I found myself thunderously ambivalent. “What if all the problems we face in our times, like climate change, political polarization, tribalism, were symptoms of a deeper crisis, a metacrisis of meaning?” Fields asked me at one point. In his world, the drugs and the mindfulness and the tech could one day cure all of it in one psychedelic swoop. I’ve taken psychedelics before, and some of the trips were important and life-altering. Other times, I just looked at clouds or watched Avatar or became convinced that I knew everything about everyone. Was that knowledge real? I have a feeling many people at Awakened Futures would say yes. To them, such grandiose thinking isn’t just magical. It’s sacred.
Lili, the older woman with the thermos who called me a weirdo, sat next to me again during a small group exercise. We were supposed to consider giant philosophical questions together, but her answer to each of them was, “I don’t think.” While other people talked about the meaning of life, she pulled out a mason jar full of mandarin oranges and kept handing me slices to eat. She put her small, cold hand on my forehead. “Your focus is here,” she said.

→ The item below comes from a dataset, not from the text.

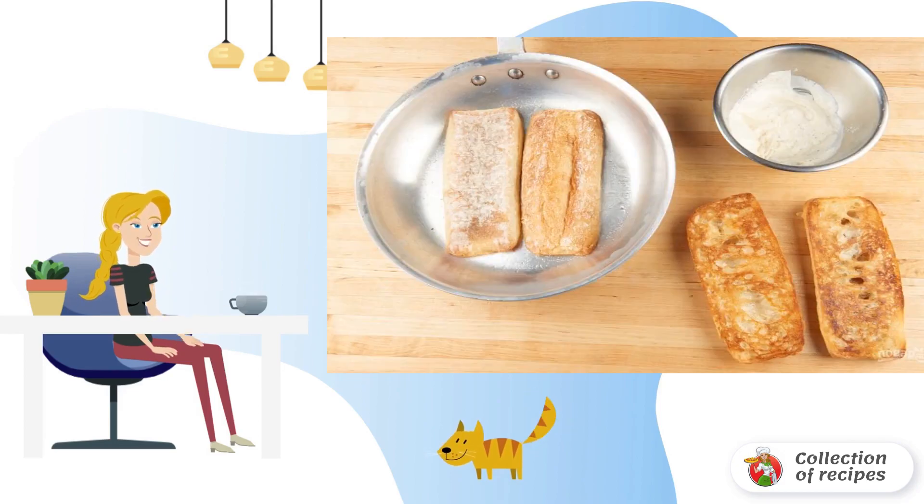Step 4: At this time, fry the baguette in oil in a frying pan — on each side for 2 minutes.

“Completely,” I said, surprising myself.
She clucked, smiled, and stroked my cheek. “You’re so fun!” she said, and went back to not participating in the exercise. Eventually, I asked her what was in the thermos, if it was anything fun. “It’s very fun. It’s warm water,” she said. Then, more seriously, “I’m not on anything. Except for what I’ve been on since I had a full-body orgasmic experience when I was 3 years old.”
“What is that?” I said.
“Awareness,” she said. I barked out a weird laugh, maybe because Lili was sassing me and maybe out of relief. She put a hand on my arm. “There,” she said, patting my bicep. “You stopped thinking.”

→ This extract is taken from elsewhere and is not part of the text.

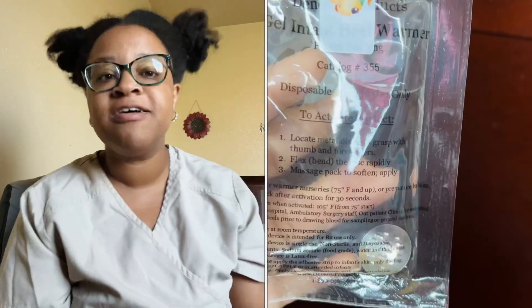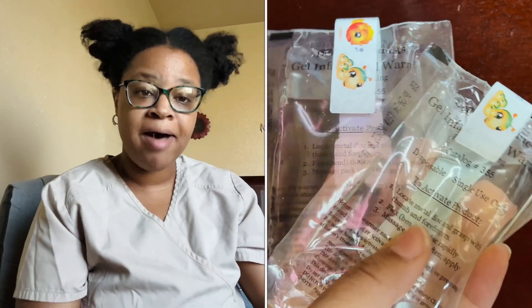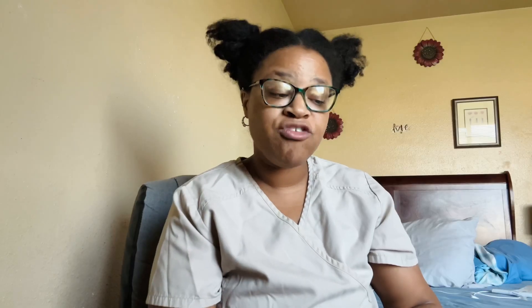Since this is a capillary blood draw, we're not looking for veins, but it is crucial for the body to be warmed up before sticking it with a needle — it can give an adequate amount of good blood flow. Heel warmers look different from different companies. Mine look like a liquidy solution with a little metal disc inside, and instructions are printed on the front of the heel warmer.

As I walked around the conference at the end of the day, I couldn’t do anything but think. I’m an introvert: My people battery was well past empty, and we hadn’t even gotten to the bizarre swayfest that was the afterhours concert. I couldn’t stand these happy people; I knew I was a little jealous of their calm. I found them limited in their thinking; I knew they’d think the same of me. Why does this all feel like a party I shouldn’t be at? I walked past a man with a braided rattail guiding a woman through a psychedelic VR experience. “I am the dragon,” she said.

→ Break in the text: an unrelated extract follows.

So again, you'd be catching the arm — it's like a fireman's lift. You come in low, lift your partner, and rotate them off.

I decided to make my consciousness endure one last push, one last attempted hack, and went back to one of the vendors, Zendo e-meditation. The inventor, Bashar Badran, a psychiatry and neuroscience specialist at the Medical University of South Carolina, stuck electrodes to my forehead and temple. The electrodes connected to a device about the size of a smartphone and would send electricity through my brain to “quiet mental chatter” while I meditated. After the electrodes were on and he sat me in a chair in the corner of the crowded lobby, he told me the session would last 20 minutes. He told me it would tingle—it stung, but I did ask him to turn it on high. At first, every minute was social agony: I was a weirdo, a person with their eyes closed in a room full of strangers. The timer dinged. My head was swimming, but not buzzing. “You didn’t move at all,” Badran said. I was shocked. He wasn’t. “Once we understand the brain, we can do anything.” Maybe even stop thinking, though I’m not sure we’ll be better for it.